Another important takeaway from the graph is comparing magnet school performance to Hartford overall, and comparing Hartford residents of those magnet schools to the magnet school overall. In general, the magnet schools tend to be above the Hartford average. When comparing Hartford resident magnet school students to the rest of the magnet students at that school, a lower percentage of Hartford residents tend to meet proficiency. However, when comparing Hartford resident students of magnet schools to students of district schools, a higher percentage of magnet school students tend to meet proficiency.

The maps below offer a spatial distribution of the schools in Hartford by school zones. The schools are coded (red, yellow, or green) based on the percentage who met proficiency in 2013. The maps aim to answer the question, “Do certain zones have better school options than others?” The map of schools based on CMT proficiency seems to indicate that Zone 1 (top left) has the most school’s with higher achieving students.

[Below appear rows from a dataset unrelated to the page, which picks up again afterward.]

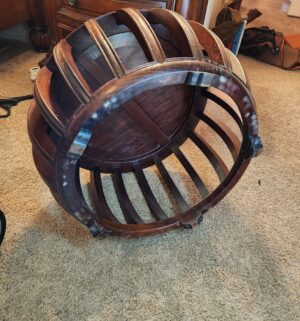 w17- Vintage Round Table. Solid Wood - Image 3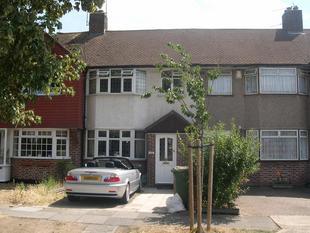 Buy or rent a property | Caverleigh Way, Worcester Park KT4 8DQ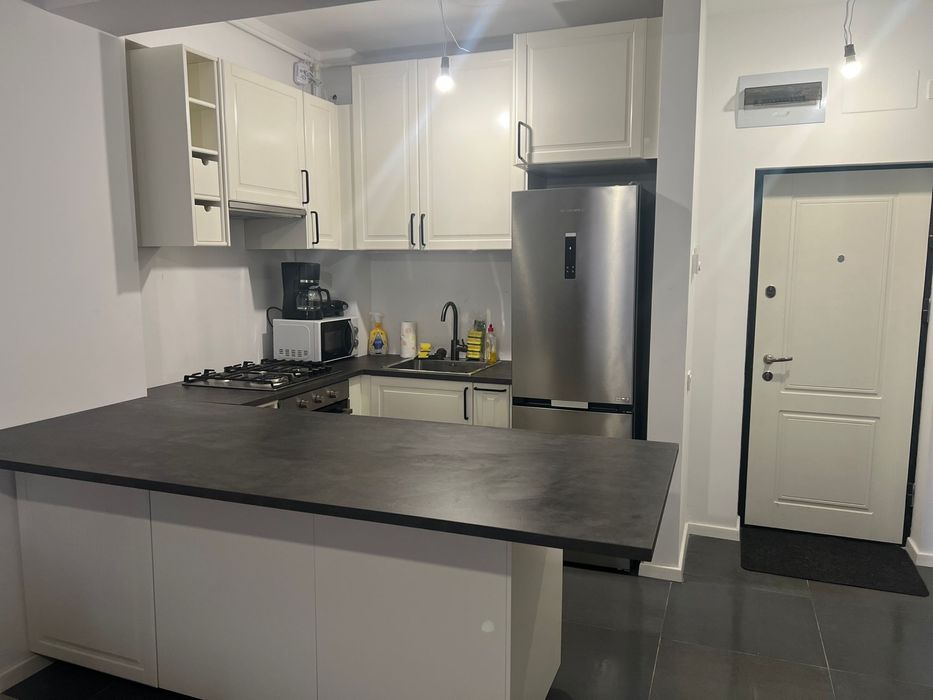 Studio de inchiriat ( dormitor +living +bucatarie+baie)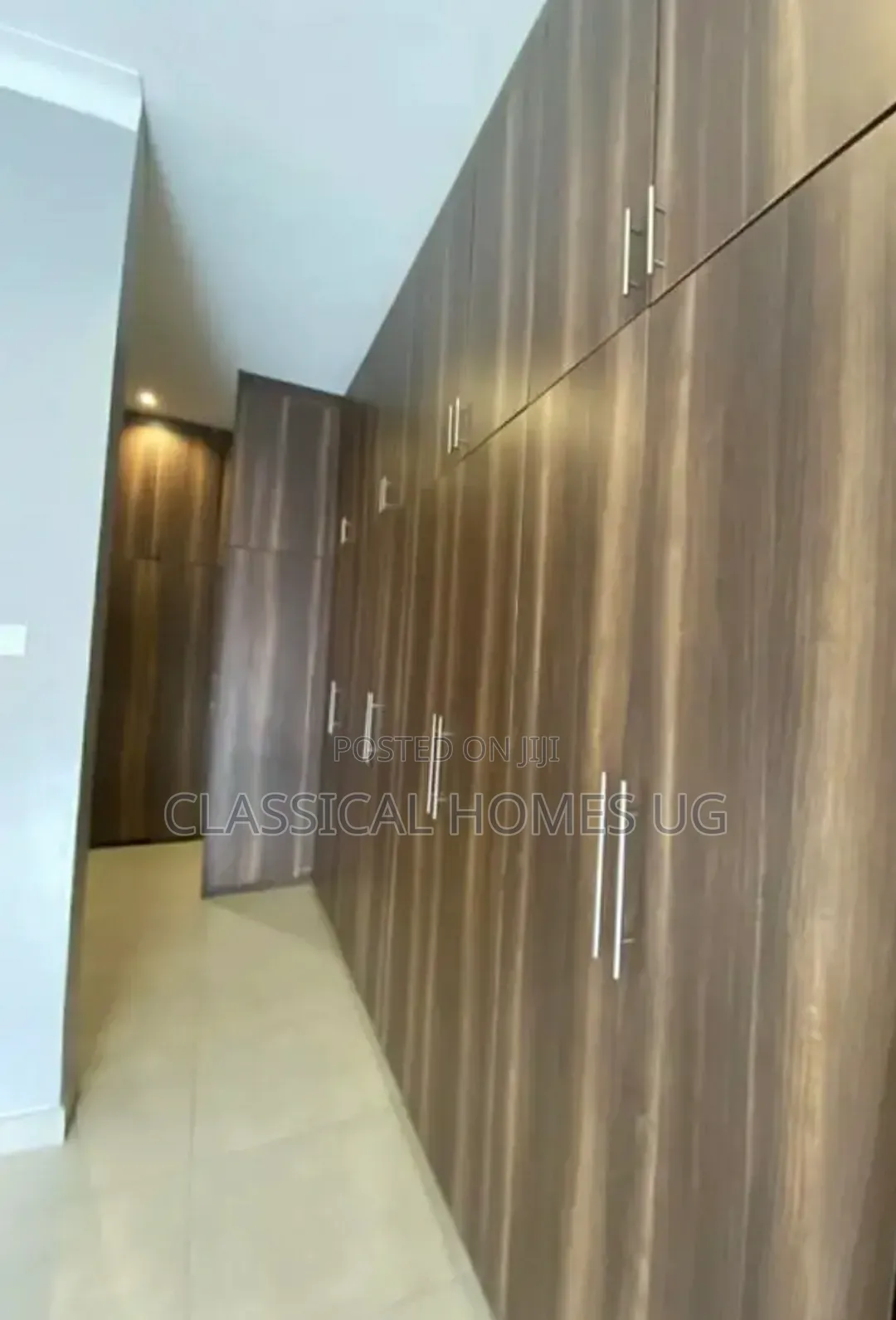 4bdrm Duplex in Muyenga, Central Division for rent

The CAPT is more difficult to interpret because it contains a small number of schools. The CAPT is taken during 10th grade, so the map only shows high schools. Based on the map, there does not appear to be very much middle ground between performance levels. Furthermore, in viewing the graph that tracks the progression of proficiency from 2007-2013, all the magnet high schools are above the Hartford average for every year between 2007-2013. All the district high schools are below the Hartford average, with the exception of Bulkeley in 2009 and 2010.